**WHAT YOU WILL DO**.
Look for the line containing "The Equine Scratcher" in the listing below. Retype that line and every subsequent line through the last one, and only those.

**DATA SHOWN**.
+++
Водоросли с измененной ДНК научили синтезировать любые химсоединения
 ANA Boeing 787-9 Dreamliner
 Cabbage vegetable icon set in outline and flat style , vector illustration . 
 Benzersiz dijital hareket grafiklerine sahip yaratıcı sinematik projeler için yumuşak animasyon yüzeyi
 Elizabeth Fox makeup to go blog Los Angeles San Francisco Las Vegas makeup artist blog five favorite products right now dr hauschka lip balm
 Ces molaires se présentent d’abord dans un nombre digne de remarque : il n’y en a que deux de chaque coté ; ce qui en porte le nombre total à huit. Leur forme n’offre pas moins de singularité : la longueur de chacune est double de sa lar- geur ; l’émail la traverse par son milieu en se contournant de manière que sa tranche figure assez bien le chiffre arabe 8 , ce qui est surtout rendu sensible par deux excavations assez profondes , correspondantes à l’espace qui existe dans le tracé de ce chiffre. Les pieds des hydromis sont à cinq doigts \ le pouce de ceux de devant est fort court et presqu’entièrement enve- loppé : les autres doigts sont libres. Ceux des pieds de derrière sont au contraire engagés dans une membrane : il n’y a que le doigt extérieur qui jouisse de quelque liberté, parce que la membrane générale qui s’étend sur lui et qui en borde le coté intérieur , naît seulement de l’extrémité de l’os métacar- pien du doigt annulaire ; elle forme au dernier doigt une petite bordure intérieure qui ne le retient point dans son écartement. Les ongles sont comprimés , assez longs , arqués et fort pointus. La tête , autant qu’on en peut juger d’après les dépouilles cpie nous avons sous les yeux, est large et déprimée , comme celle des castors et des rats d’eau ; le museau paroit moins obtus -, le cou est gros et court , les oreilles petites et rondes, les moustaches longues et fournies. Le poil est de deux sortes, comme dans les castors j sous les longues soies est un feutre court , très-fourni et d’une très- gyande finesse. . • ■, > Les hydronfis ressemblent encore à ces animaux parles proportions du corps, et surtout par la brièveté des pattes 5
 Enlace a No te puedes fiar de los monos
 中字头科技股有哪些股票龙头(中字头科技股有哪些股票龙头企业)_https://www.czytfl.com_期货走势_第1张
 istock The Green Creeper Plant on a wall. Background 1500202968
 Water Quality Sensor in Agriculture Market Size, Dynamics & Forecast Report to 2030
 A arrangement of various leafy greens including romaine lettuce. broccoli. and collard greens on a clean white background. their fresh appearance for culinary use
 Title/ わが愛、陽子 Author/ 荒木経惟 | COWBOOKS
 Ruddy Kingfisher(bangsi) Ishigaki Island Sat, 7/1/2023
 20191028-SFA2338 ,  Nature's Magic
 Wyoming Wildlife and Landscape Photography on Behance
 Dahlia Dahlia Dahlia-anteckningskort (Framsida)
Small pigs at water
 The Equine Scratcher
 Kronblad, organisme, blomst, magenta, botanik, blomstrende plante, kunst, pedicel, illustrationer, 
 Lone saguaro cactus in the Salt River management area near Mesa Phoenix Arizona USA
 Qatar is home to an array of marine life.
+++
**FINISHED TASK**.
 The Equine Scratcher
 Kronblad, organisme, blomst, magenta, botanik, blomstrende plante, kunst, pedicel, illustrationer, 
 Lone saguaro cactus in the Salt River management area near Mesa Phoenix Arizona USA
 Qatar is home to an array of marine life.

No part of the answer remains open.